Климова  умеет преображать прошлое. В этом тоже одна из составляющих поэзии. Это не ее выдумки. Это такое прошлое, каким она хочет и любит его помнить. При этом отсеивается то, что было, и, может быть, было очень важным, но конкретному стихотворению не нужно и будет только ему мешать.
Женская поэзия Климовой – действительно женская, но только там, где она сама этого хочет. Типичная особенность поэзии такого рода – невозможность прервать свою исповедь перед миром, приглушить или, наоборот, форсировать эмоции. Если наоборот – это мастерство, где искренность граничит с самоограничением.
Климова почти везде пытается найти этот баланс, найти ту черту, до пределов которой она выражает себя полностью, всегда подразумевая, что дальше ее она никого не пустит.

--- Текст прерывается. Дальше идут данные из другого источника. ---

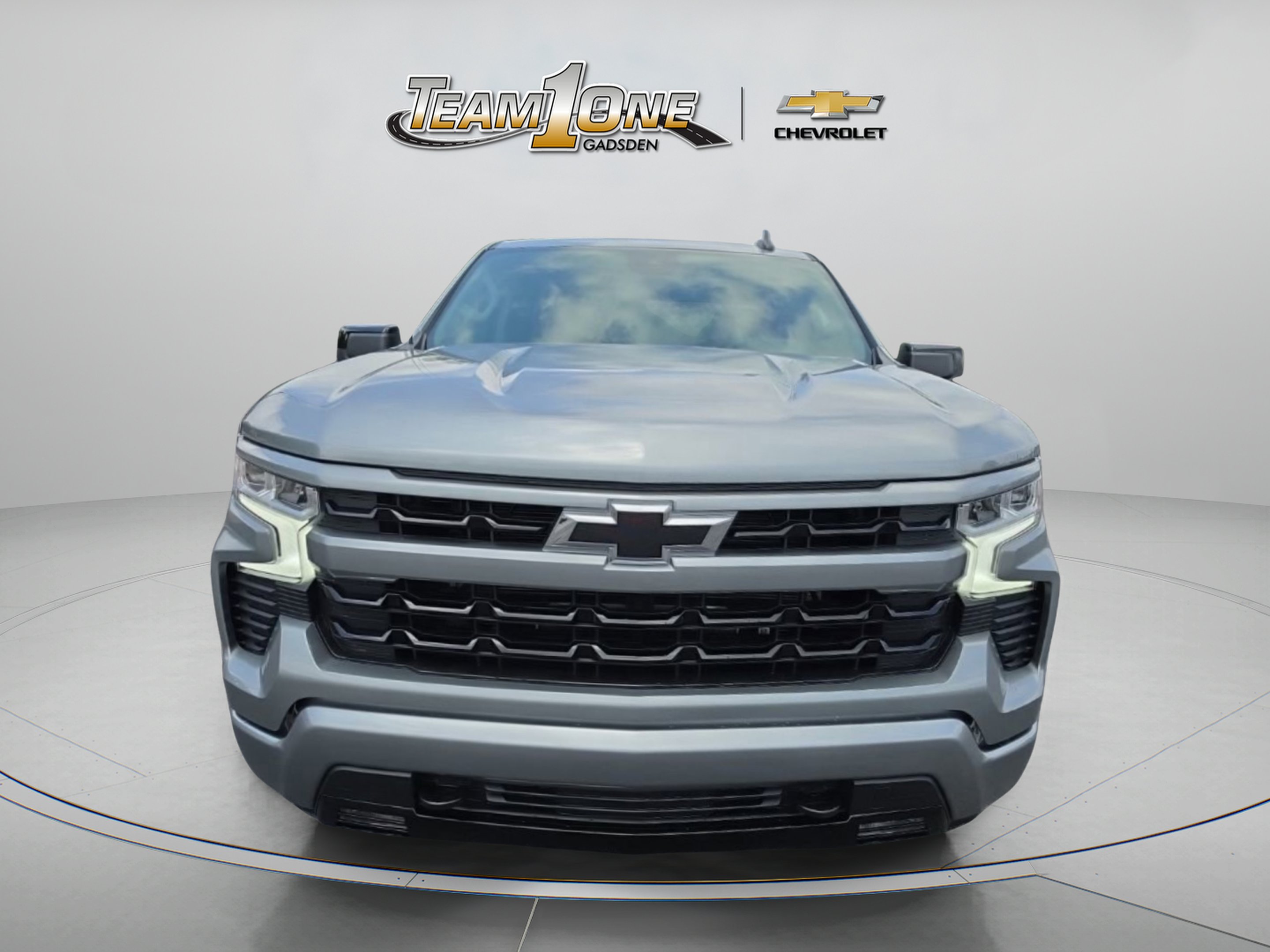 New 2026 Sterling Gray Metallic Chevrolet RST image 2
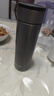 富光车载一键开盖保温杯 316L不锈钢泡茶杯子 保冷杯商务水杯男女士 实拍图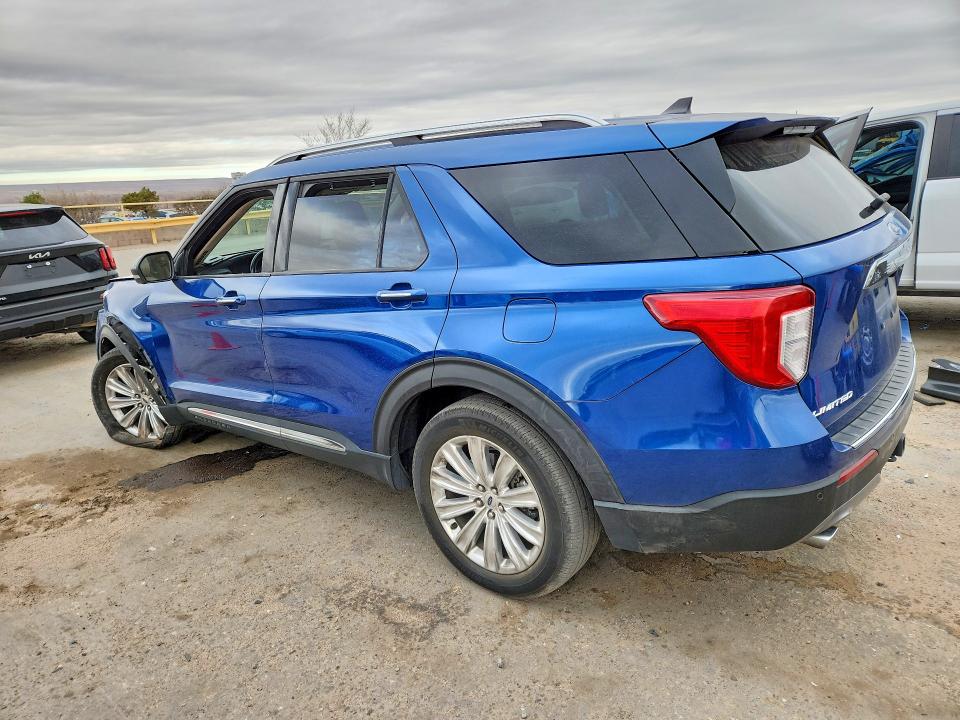 Zdjęcie 2 z aukcji – 2022 FORD EXPLORER z VIN 1FM5K8FW9NNA11207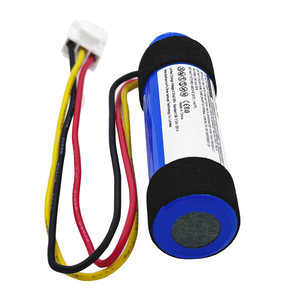Batería de Repuesto ICR22650 CP-HK10 para Onyx <span class=keywords><strong>Studio</strong></span> <span class=keywords><strong>4</strong></span>, Baterías de Polímero de Litio de 3.7V 3000mAh para Altavoz <span class=keywords><strong>Harman</strong></span> <span class=keywords><strong>Kardon</strong></span> Onyx <span class=keywords><strong>Studio</strong></span> <span class=keywords><strong>4</strong></span> - Product Image 6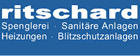 Ritschard Sanitär - Affolternstrasse 45 - 8913 Ottenbach - Tel. 044 761 21 85 - info@ritschard-sanitaer.ch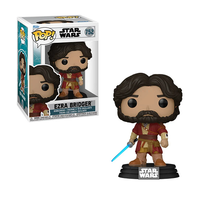 Funko Pop! STAR WARS: Ezra Bridger #752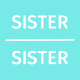 Sister Sister — L'Amour à distance 1/2 (Alison & Esther)
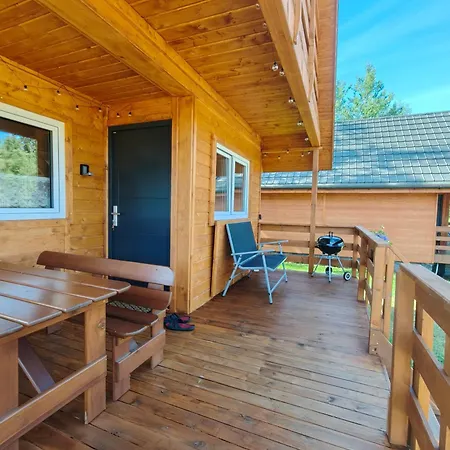 Freedom House Chalet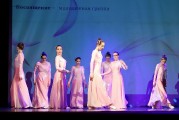 В Центре русской культуры прошел отчетный концерт школы эстрадного танца «PEPPY DANCE»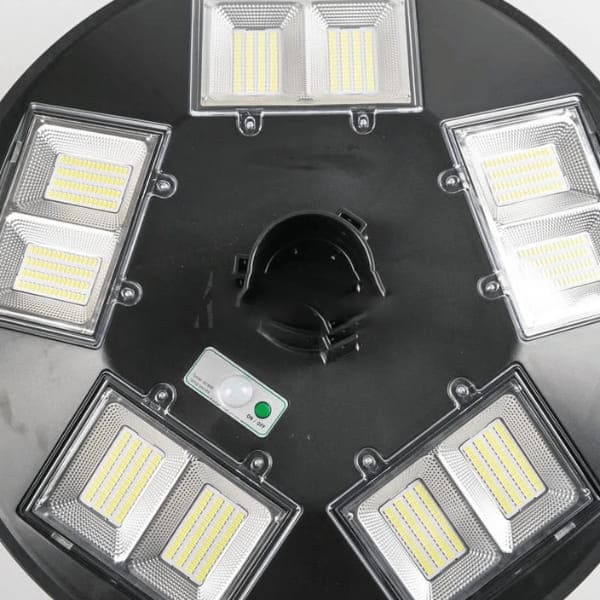 Đèn Năng Lượng Mặt Trời 500W SUF1500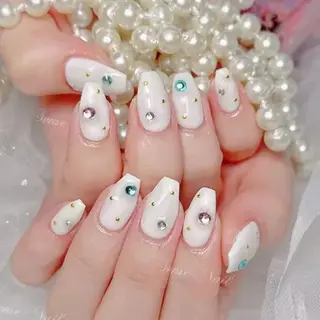 ネイル 💗Haru 💗のネイルデザイン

Весь невозвратный выводок глаголов,
рванувших борзо из-под руки,
без отпусков и дармовых отгулов
учил дышать во всю длину строки,
пока луна тянула на лимон
в косноязычной круговерти:
нет у любви ласкательных имен
и уменьшительных – у смерти.
 
 
Инна Лиснянская. Вдали от себя
СПб.: Издательская группа «Лениздат», 2013
В эмигрантском я раю
Баю-баюшки-баю:
Баю-башки-баю,
Спи у бездны на краю.
Райский соловей в ответ
Мне поет, что бездны нет.
 
Недавно трагически покинувшая нас Инна Лиснянская всегда поражала меня прежде всего уровнем своего поэтического мышления. Думать в регулярном стихе, не опираясь на внешние эффекты, – качество стихотворца, которым владеют единицы. Кто еще так прост и парадоксален одновременно? Как простыми словами говорить о сложном? Она была поэтом измерения метафизического, но пишущим так, как будто пишет о чем-то совсем мирном и домашнем.
И этот контраст придает всем ее поздним стихам (ранняя Лиснянская – совершенно другой поэт) качество абсолютной подлинности. Подлинности, которая тоже редко дается поэтам, в большинстве любящим то преувеличивать, то приуменьшать, то ерничать, то плакаться. Совмещая несовместимые вещи, она тем самым роднила их, давая понять, насколько они между собой увязаны не ее словом, а самим мироустройством.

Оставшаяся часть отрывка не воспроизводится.